O pluralismo é um conceito que tem aplicações em diversos âmbitos e que está associado à pluralidade e à convivência de coisas bastante diferentes umas das outras. Um sistema plural é aquele que aceita, reconhece e tolera a existência de diferentes posições, opiniões ou pensamentos. O pluralismo teológico é a noção segundo a qual todas as religiões são caminhos úteis para chegar a Deus.
Sincretismo é a fusão de diferentes doutrinas para a formação de uma nova, seja de caráter filosófico, cultural ou religioso. O sincretismo mantém características típicas de todas as suas doutrinas-base, sejam rituais, superstições, processos, ideologias e etc. Etimologicamente, a palavra "sincretismo" se originou a partir do grego sygkretismós, que significa "reunião das ilhas de Creta contra um adversário em comum", que por sua vez foi traduzido para o francês syncrètisme, dando origem, consequentemente, à variante na língua portuguesa.
Observação:
Note que todos esses pensamentos tem uma única finalidade: tentar destituir todo poder e autoridade que está nas mãos do Filho de Deus.
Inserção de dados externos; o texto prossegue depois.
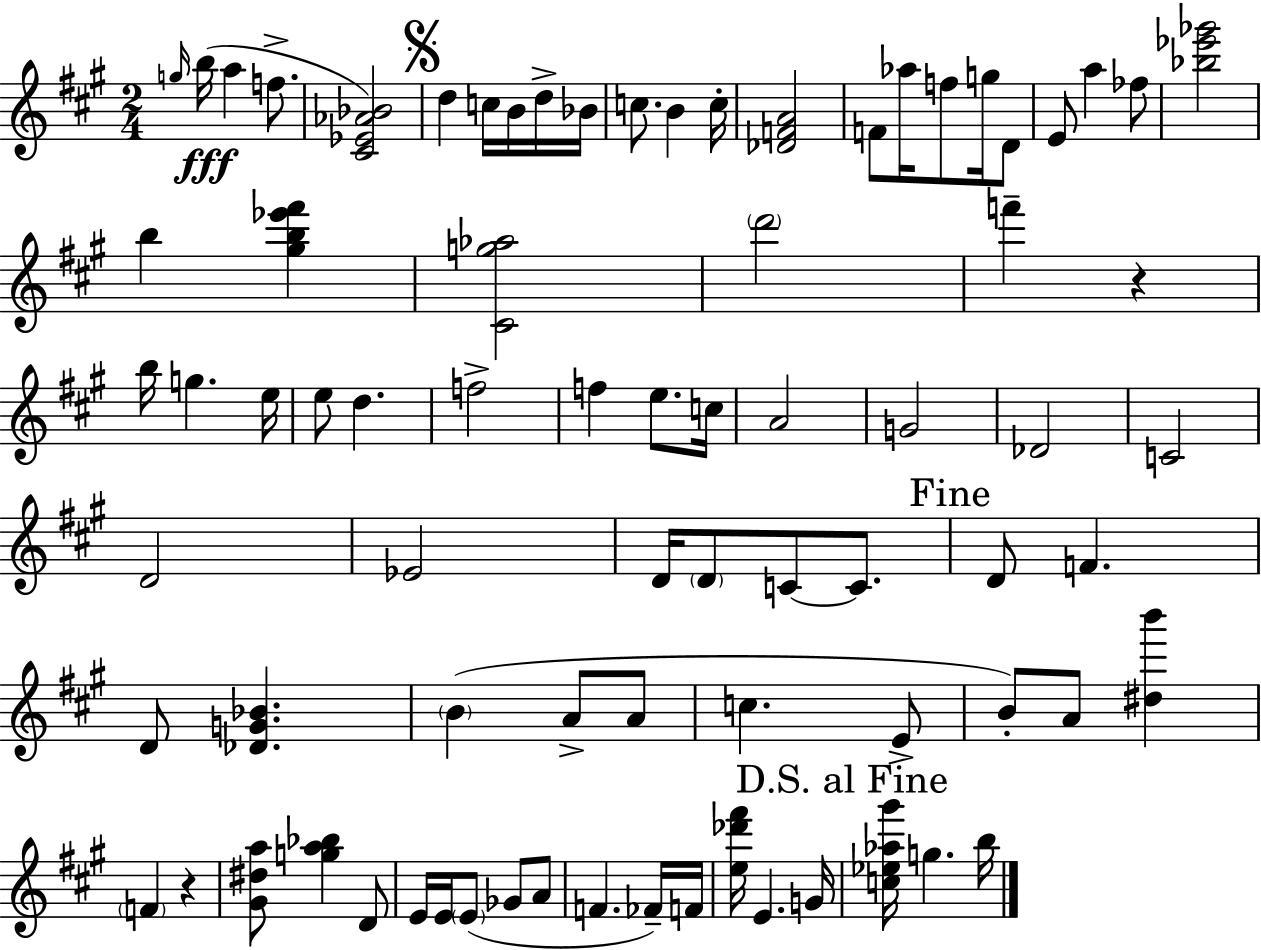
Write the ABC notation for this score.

Em Cristo está todo o poder de decisão e de julgamento no último grande Dia (Rm 14.10; 2 Co 5.10). Deus julgará a Terra através do Cordeiro que foi morto e ressuscitou[8]
Agora, vamos comparar todos estes pensamentos de afronta a autoridade de Cristo com as próprias palavras absolutas de nosso Senhor:
1.3 Cristo e sua total Autoridade concedida pelo Pai.
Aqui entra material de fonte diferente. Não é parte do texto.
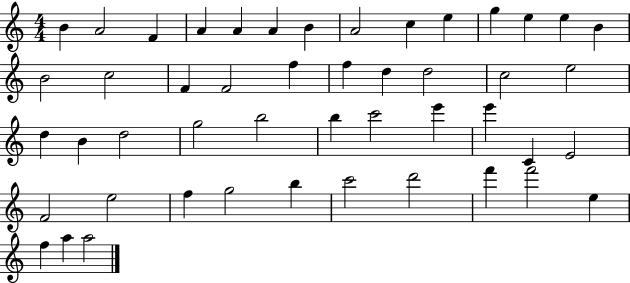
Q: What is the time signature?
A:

Jo 14.6, “Respondeu-lhe Jesus: Eu sou o caminho, e a verdade, e a vida; ninguém vem ao Pai senão por mim”.
Cristo estabelece a Verdade Absoluta ao dizer:
·Ser o único Caminho para o qual devemos seguir.
·Cristo também fundamenta-se em ser a única Verdade pela qual devemos crer, por fim;
·Cristo também enfatiza ao mundo ser o único que pode dar Vida aos homens.
Em outra menção absoluta de nosso Senhor – estabelece-se que Ele é o único que pode saciar toda sede humana. Dentro do homem há um vazio insaciável; nada ou ninguém pode preenchê-lo; porém, o Ungido assume a postura de declarar que Ele – somente Ele – têm através do Pai, capacidade para saciar a sede humana:
Jo 6.35, “Declarou-lhes, pois, Jesus: Eu sou o pão da vida; o que vem a mim jamais terá fome; e o que crê em mim jamais terá sede”.
Jo 4.14, “aquele, porém, que beber da água que eu lhe der nunca mais terá sede; pelo contrário, a água que eu lhe der será nele uma fonte a jorrar para a vida eterna”.
Jo 7.37,38 “No último dia, o grande dia da festa, levantou-se Jesus e exclamou: Se alguém tem sede, venha a mim e beba. Quem crer em mim, como diz a Escritura, do seu interior fluirão rios de água viva”.
A Verdade Absoluta nas Escrituras sobre Cristo:
Ele é o único que pode sustentar a humanidade: Jo 6.48, “Eu sou o pão da vida”.
Ele é o único que pode clarear o mundo: Jo 8.12, “Eu sou a luz do mundo; quem me segue não andará nas trevas; pelo contrário, terá a luz da vida”.
Ele é o único que pode guardar a humanidade com segurança: Jo 10.7, “Em verdade, em verdade vos digo: eu sou a porta das ovelhas”.
Ele é o único Pastor perfeito, ou seja, um Pai corretíssimo: Jo 10.11, “Eu sou o bom pastor. O bom pastor dá a vida pelas ovelhas”.
Ele é a nossa garantia e paz para quando enfrentarmos a morte: Jo 11.25, “Eu sou a ressurreição e a vida. Quem crê em mim, ainda que morra, viverá”.
Ele é o único que nos fortalece diariamente: Jo 15.1, “Eu sou a videira verdadeira, e meu Pai é o agricultor”.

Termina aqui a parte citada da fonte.